▽

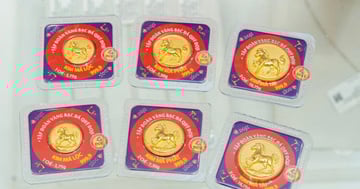 Giá vàng hôm nay (22/3): Giảm 12 triệu mỗi lượng trong tuần qua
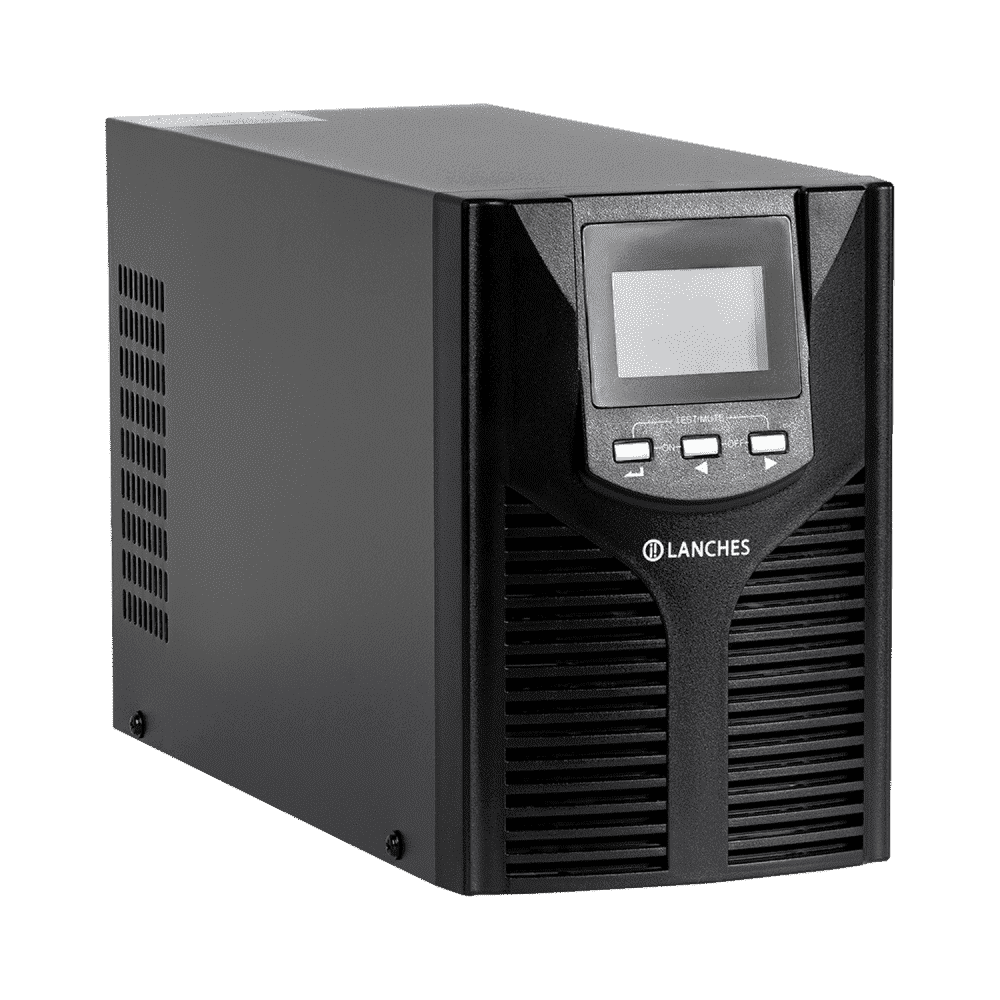 LANCHES L900PRO-H 2KVA (48VDC)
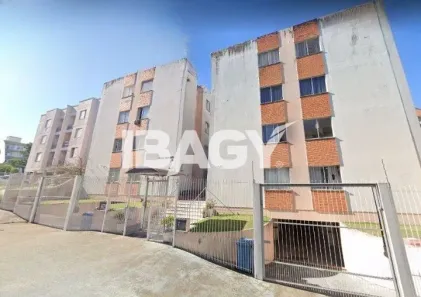 Apartamento com 2 Quartos para alugar, 55m² no Abraão, Florianópolis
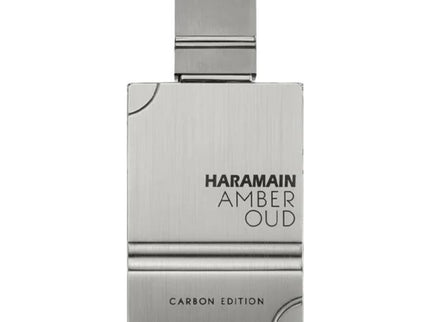 PERFUME AL HARAMAIN AMBER OUD CARBON EDITION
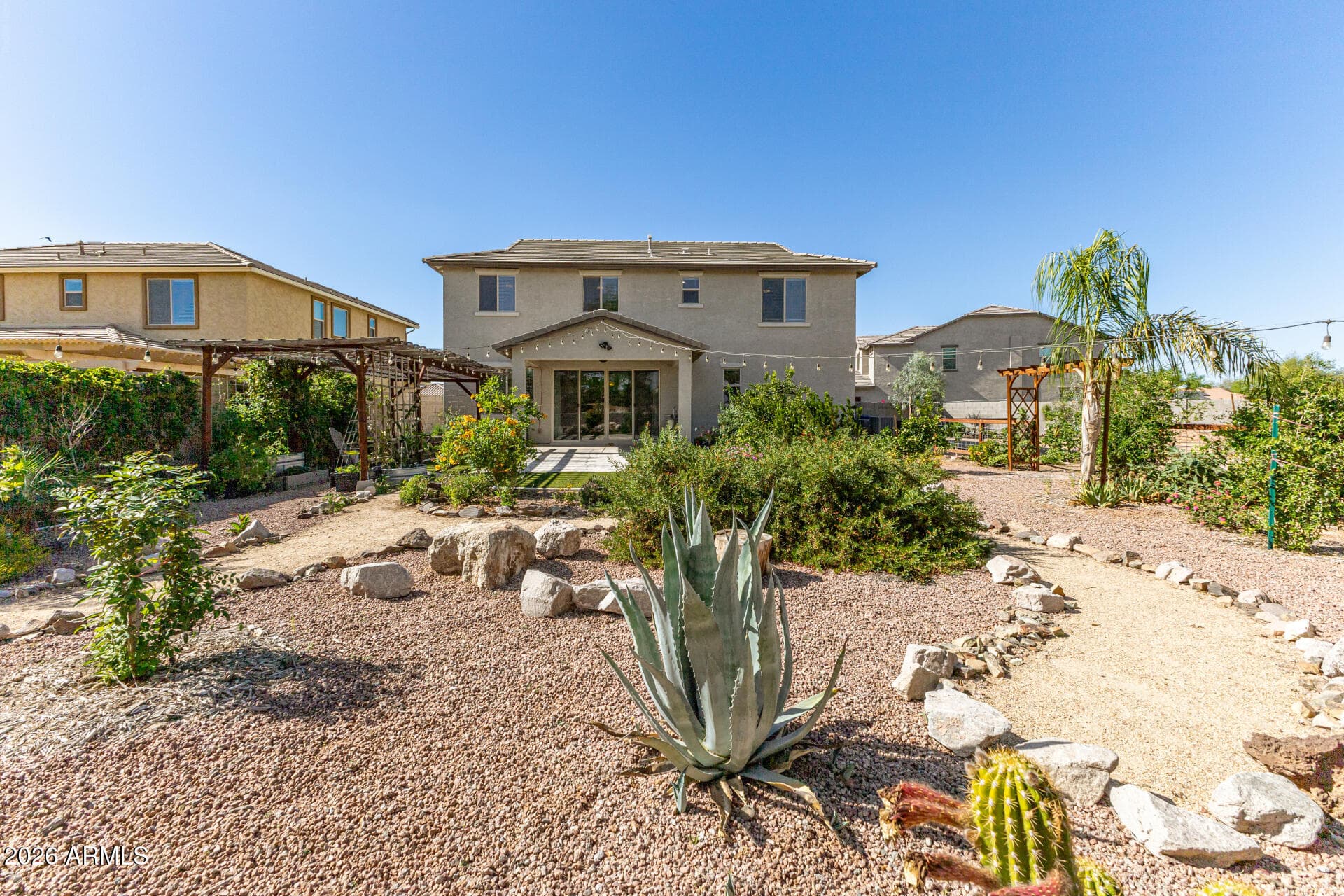 37271 W MONDRAGONE Lane, Maricopa, AZ 85138 — photo 34 of 47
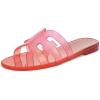 image:imageSam Edelman Womens Bay Jelly SlidesCoral Clay Ombre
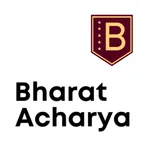 Bharat Acharya Education icon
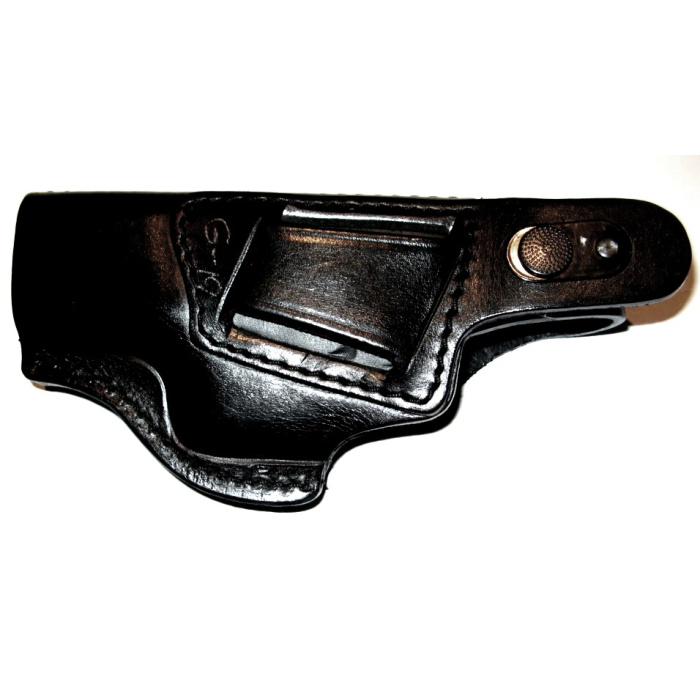 Kabura Glock 17/19 operacyjna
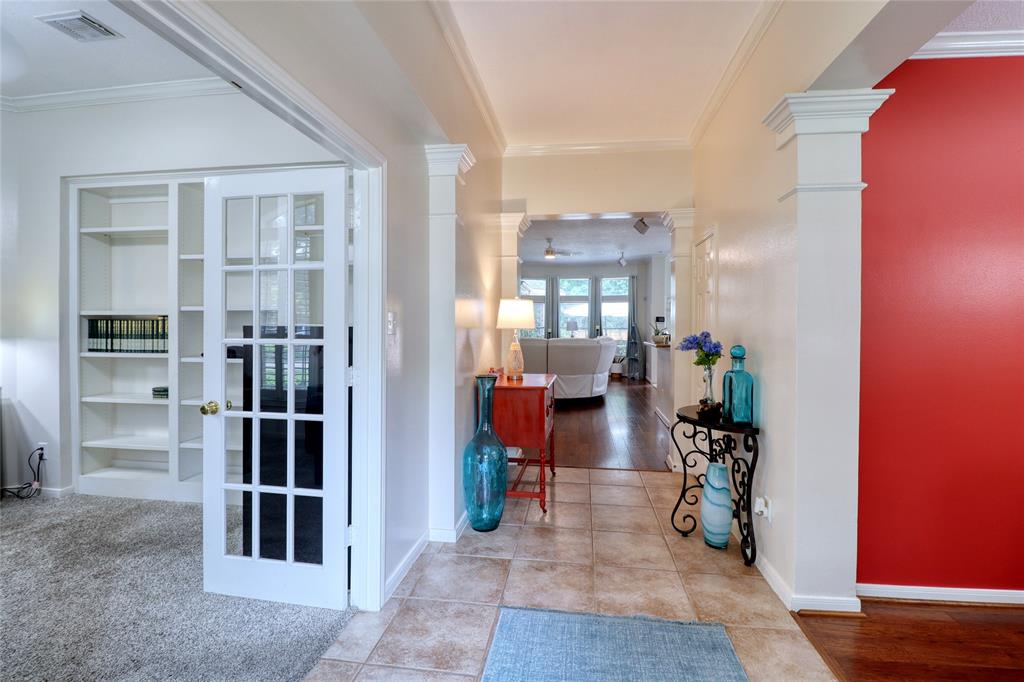 25819 Clear Springs Way, Spring, Texas image 12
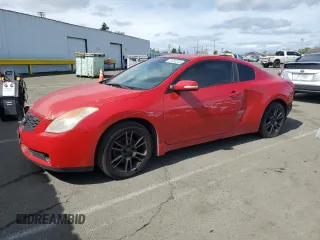2008 Nissan Altima SE z VIN 1N4BL24E68C236394, wystawiony jako Copart lot #51053235 z przebiegiem 185 043 mil mil oraz Szkoda całkowita • Salvage title. Historia ofert i sprzedaży dostępna na DreamBid. Obrazek 1.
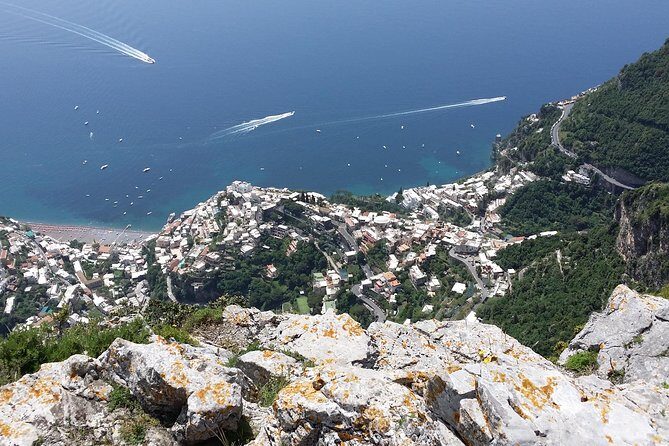 Private Tour: Day Trip Excursion to Herculaneum, Positano and Sorrento - Who This Tour Fits Best (and Who Should Rethink It)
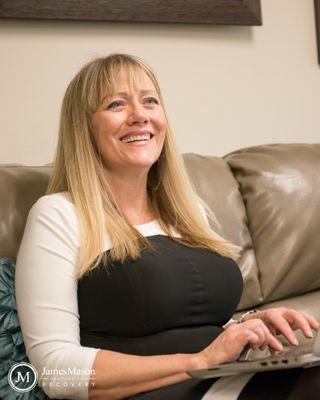 Susan Bell, Vice President Susan is a Co-Founder of JMCR who has a deeply connected commitment to healing youth and their families.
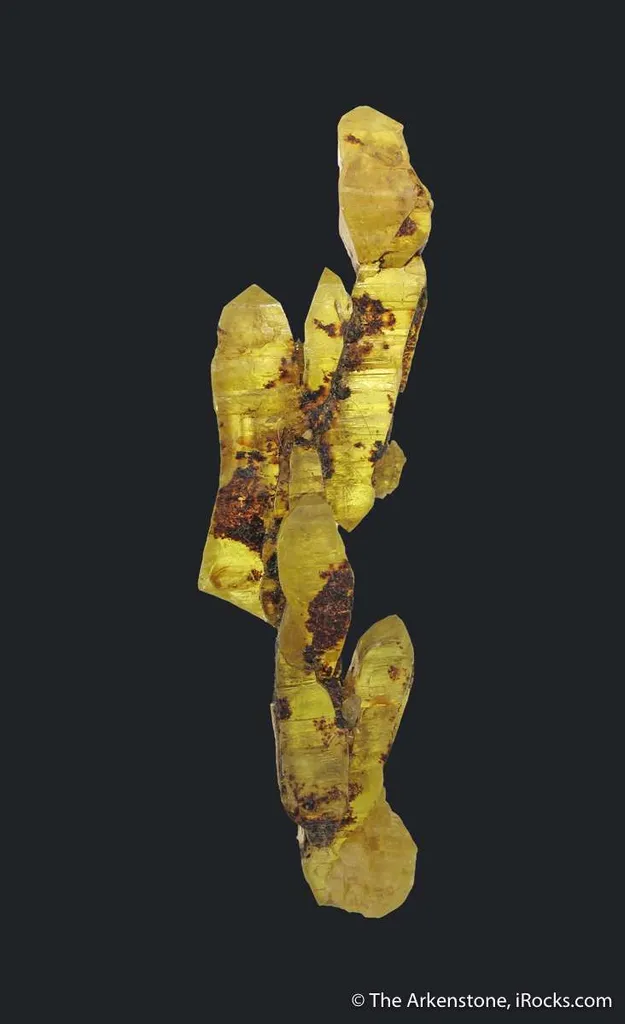 Sulfur with Bitumen - image 3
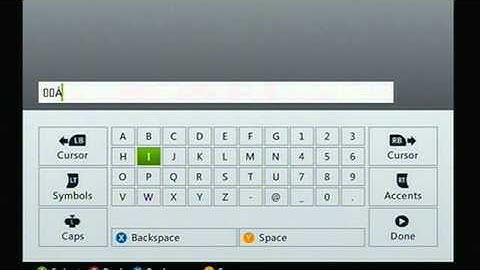 Call of Duty MW3 Clan tag Glitch/Easter Egg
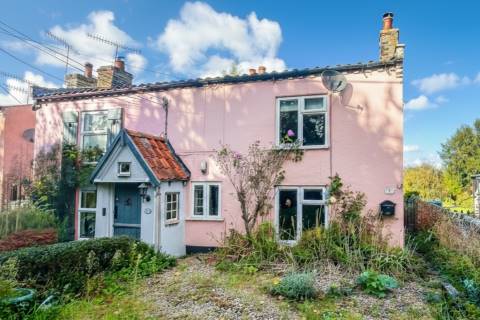 Property for auction in Suffolk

△

● What the task asks: Give back exactly the lines from the line with "2008 Nissan Altima" through the end of the material above, and omit every picture.

● Finished exercise:
2008 Nissan Altima SE z VIN 1N4BL24E68C236394, wystawiony jako Copart lot #51053235 z przebiegiem 185 043 mil mil oraz Szkoda całkowita • Salvage title. Historia ofert i sprzedaży dostępna na DreamBid. Obrazek 1.
 Private Tour: Day Trip Excursion to Herculaneum, Positano and Sorrento - Who This Tour Fits Best (and Who Should Rethink It)
 Susan Bell, Vice President Susan is a Co-Founder of JMCR who has a deeply connected commitment to healing youth and their families.
 Sulfur with Bitumen - image 3
 Call of Duty MW3 Clan tag Glitch/Easter Egg
 Property for auction in Suffolk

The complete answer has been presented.